Book: Morgan Housel - The Psychology of Money
Last week I finished the book Psychology of money. The post date is the date, that I finished the book, while I am writing this on the 14th of March.
There was nothing specifically new in the book, but sometimes I need to be reminded of the things, that I cognitively know, but I am not 100% living yet. it helps, that I liked the style, it is written it.
It starts with the lesson, that we each have a different goals in life, and that is why there are no money-related decisions, that are irrational. Just because the decision would be bad from our point of view, that does not mean that it is bad for the person doing it. We can not judge or blindly copy them, if we do not know their situation and goals.
The main lesson of money part was the power of compounding. Consistency of one way of investment beats constantly jumping from one scheme to another.
I think the most important lesson for me was, it is to think of the opportunity cost of money not in the relation to money, but to freedom. The money in the back account can be valuable, as it can provide the freedom, that some more non-liquid investments can not. Also, if the money in the back can stop you from stopping the investment in the worst time, then it can most likely recoup the difference.
This lesson is important for me, because I am one of these people, that actually do have most of my money in the back account. It is part laziness, that I did not really start anything else. But it is also part the feeling, when I know that I can cover my lifestyle for more than a year with no problems.
The third lesson, that I am mostly already living in, is knowing when is enough. The only way to build wealth is to spend less then one earns. In order to to this, one needs to decide, what is enough.
From the environmental perspective, I already try to make the things last as much as possible.

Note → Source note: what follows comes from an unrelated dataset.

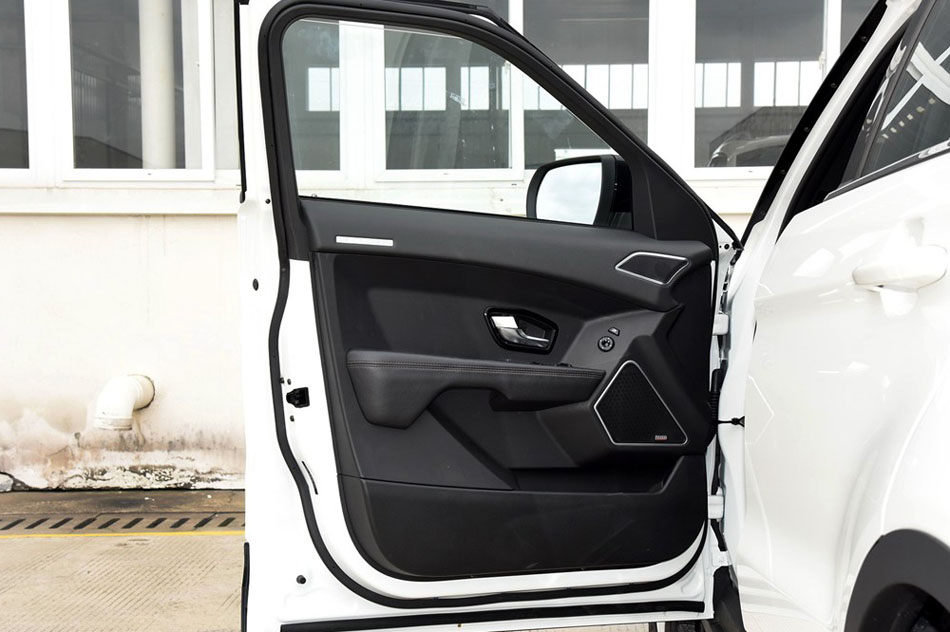 2015款 2.0T 全景尊享版 座椅空间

And from the minimalist perspective, I try to not buy the things, that I do not really need. Sometimes I think I might try to live without for too long, though. :)

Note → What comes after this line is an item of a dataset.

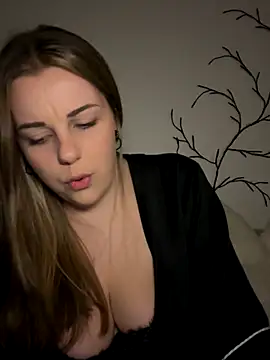 ItsLxsa online show from September 23, 2025, 9:22 pm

I did not came to this thinking with intention to build wealth. I first wanted the freedom to be entrepreneur (which I never became), and then to have the power to walk away at any point. But since the wealth can by one options and freedom, I guess I just did not concentrate on the middle step.
The last lesson connected to this is to take bets, that do not have the power to bury you. Only take the bets, where the worst case does not have the power to bury you. Be only as risk seeking, to still be able to sleep at night.
There were also some small lessons, like how we treat the positive and negative prediction differently. Or how we really relate to people in expensive cars. And so on. Overall, an interesting read.